There’s actually a market for these! People take old books and do horrible things to them – bury them in the garden for a week, etc. – to make them suitable for props as pseudo-Lovecraftian tomes. If I found a box of books that had been in the rain, I know somebody who wants them.
If you read a book before giving it to someone, most times you’re thinking about yourself. That you’d get enjoyment out of this ‘gift’ yourself. Sure there are some exceptions, but mostly it seems to cheap and self serving.
Why would he? They aren’t important friends, so in what way do they rate a gift at all, especially one as personal as a book? Among book lovers, books are often gifted specifically because of that knowledge of the other person’s likes.
Are you saying that it isn’t possible to buy a book as a gift for a friend that will fit their tastes without reading it first?
IMHO, book lovers are quite capable of picking books for friends based on their likes without pre-reading first.

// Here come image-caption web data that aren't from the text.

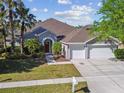 Beautiful single-story home with a three car garage, a well-manicured lawn, and mature landscaping at 12304 Silton Peace Dr, Riverview, FL 33579
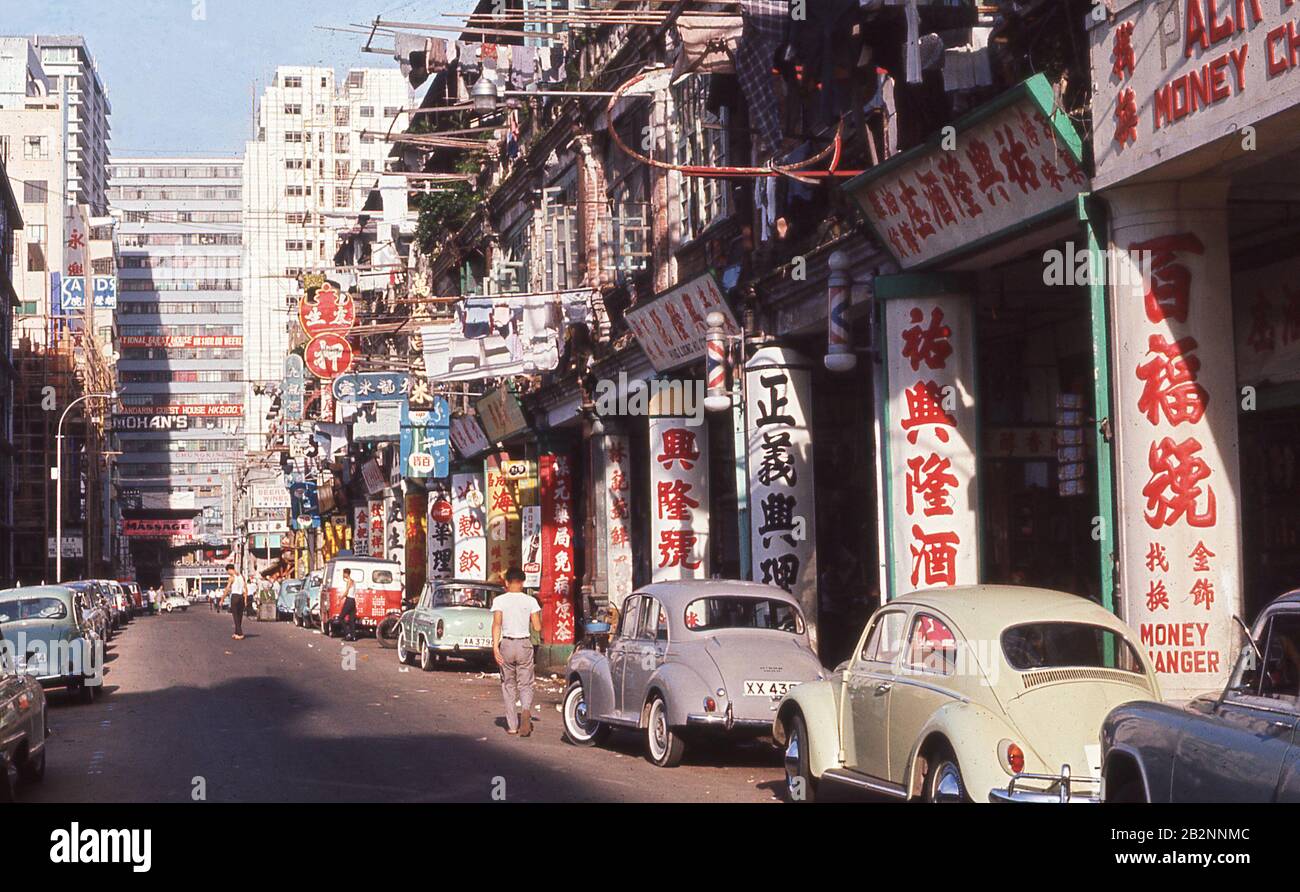 1960s, historical, daytime and a street in the old town, Hong Kong, showing retail outlets, chinese lettering on the support pillars of the pavement walkway and motorcars of the era parked up, including a British made Morris Minor and a Volkswagen Beetle. Stock Photo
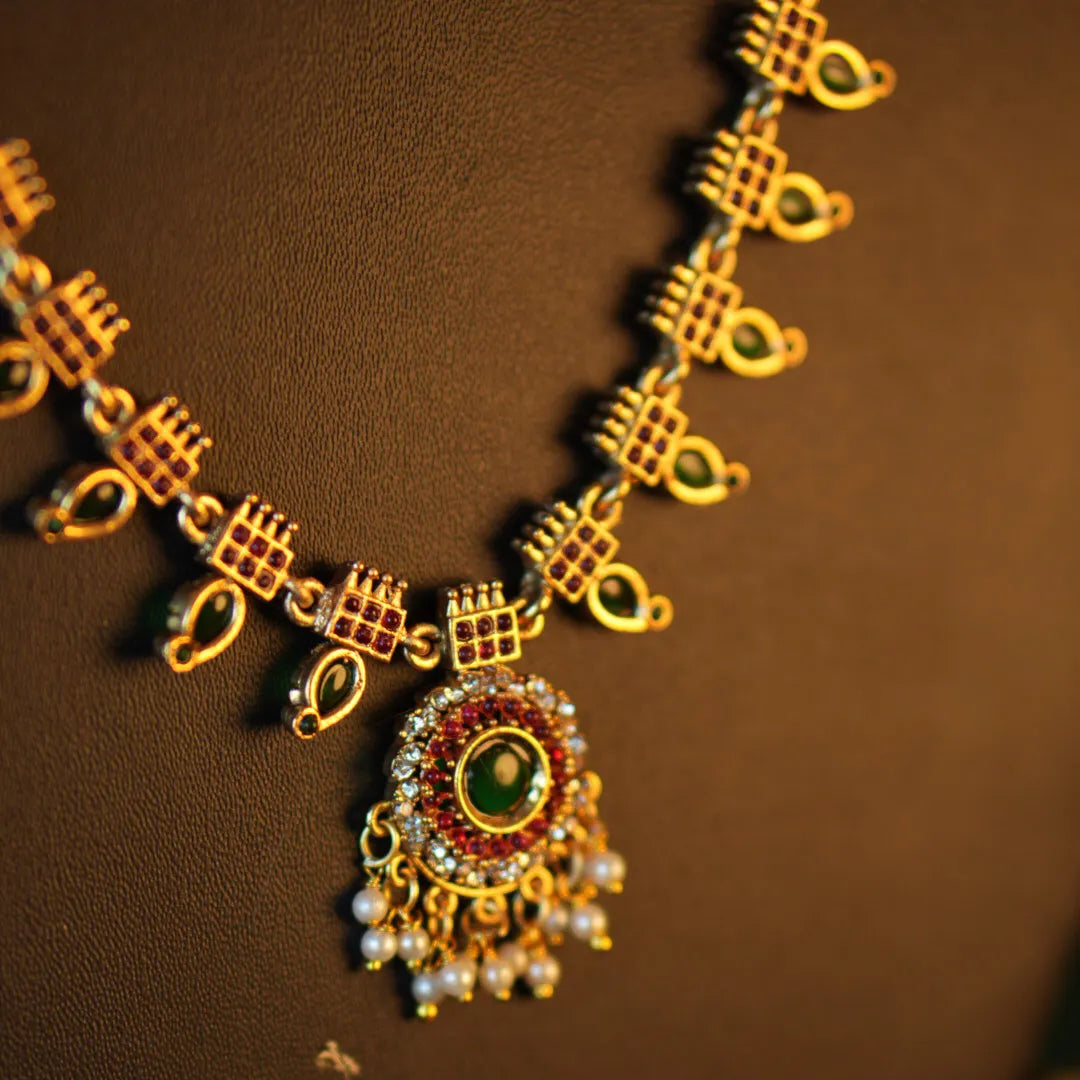 Gold necklace with green gemstone pendant on a brown background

I’m trying to imagine how pre-reading would even help in this situation. I would buy a book as a gift if I knew that my friend was a fan of the genre, or author, or if I knew they specifically wanted a particular book (and then include a gift receipt so they can return/exchange it if it turns out they already read it). Say hypothetically I go into a store and pick out a book that I’m pretty sure my friend would enjoy. And then I read it myself. And I enjoy it (or not). But individual tastes can be idiosyncratic - maybe my friend would have a different opinion than me. So I fail to see how pre-reading would aid in the decision whether or not to give the book.
I know that earlier in the thread some people gave the analogy of giving used clothing, or wearing clothing first before giving the gift. When downsizing my closet and giving away gently used clothing, I usually see if some of my friends or family would like any of the items before I give the rest to charity. But there’s no way that I would go through my closet and pick out something to give as a gift for a special occasion. I would also never say, buy a nice sweater, wear it myself to a few Christmas parties, and then wrap it up and give it to my mother as a Christmas present.

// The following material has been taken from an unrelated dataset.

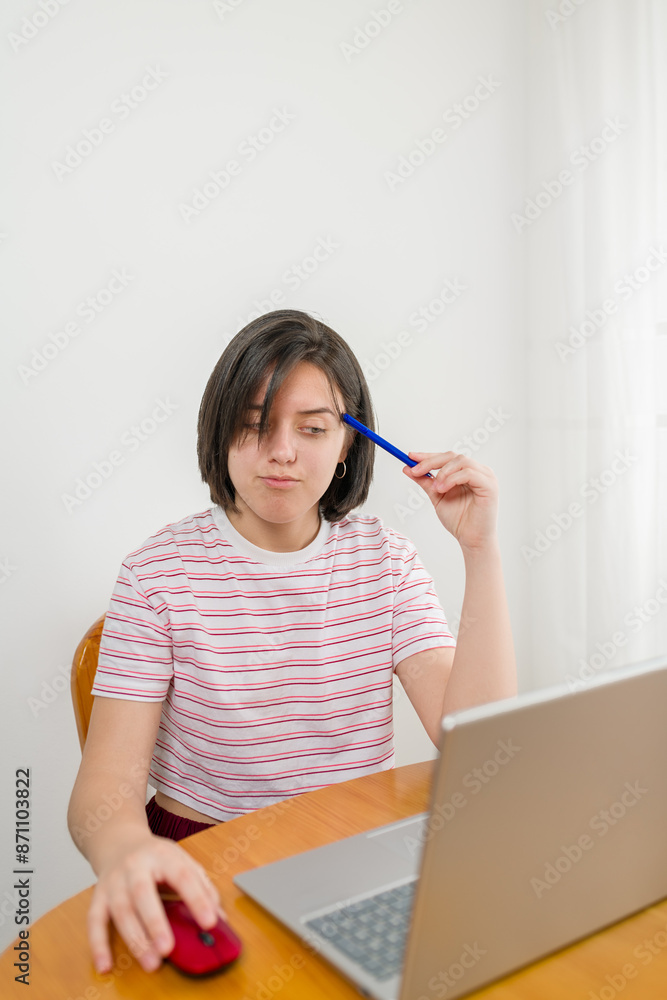 University female student deep in thought while studying at home. The student is sitting at a wooden table with an open laptop, suggesting a focus on online learning background white wall.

Similarly, I would say that I am generally anti- pre-reading when it comes to special occasion gifts (rare first editions and heirlooms/books with special sentimental value excepted). I’ll give or lend my used books to any friends or family who might like them, but I wouldn’t give them as a special present. The only exception I can think of would be if it resulted in giving a much bigger gift than I otherwise would have given. Like maybe a friend is just starting to read an author who has written a long series of books that I’ve already read and don’t want to keep. Instead of buying a new copy of the first book in the series, I might give them my used copies of the whole series, if I was sure they wouldn’t mind. I think this also avoids the whole “cheapskate” vibe of giving used books.
And I don’t know about you and your friendships, but I have lots of friends that I’ve given the gift of a book, and received books from, and thinking about it now I really don’t know how they would be pro- or anti- “pre-reading”. And I think that if you aren’t 100% sure how a particular friend would respond, then the most courteous thing to do is not pre-read.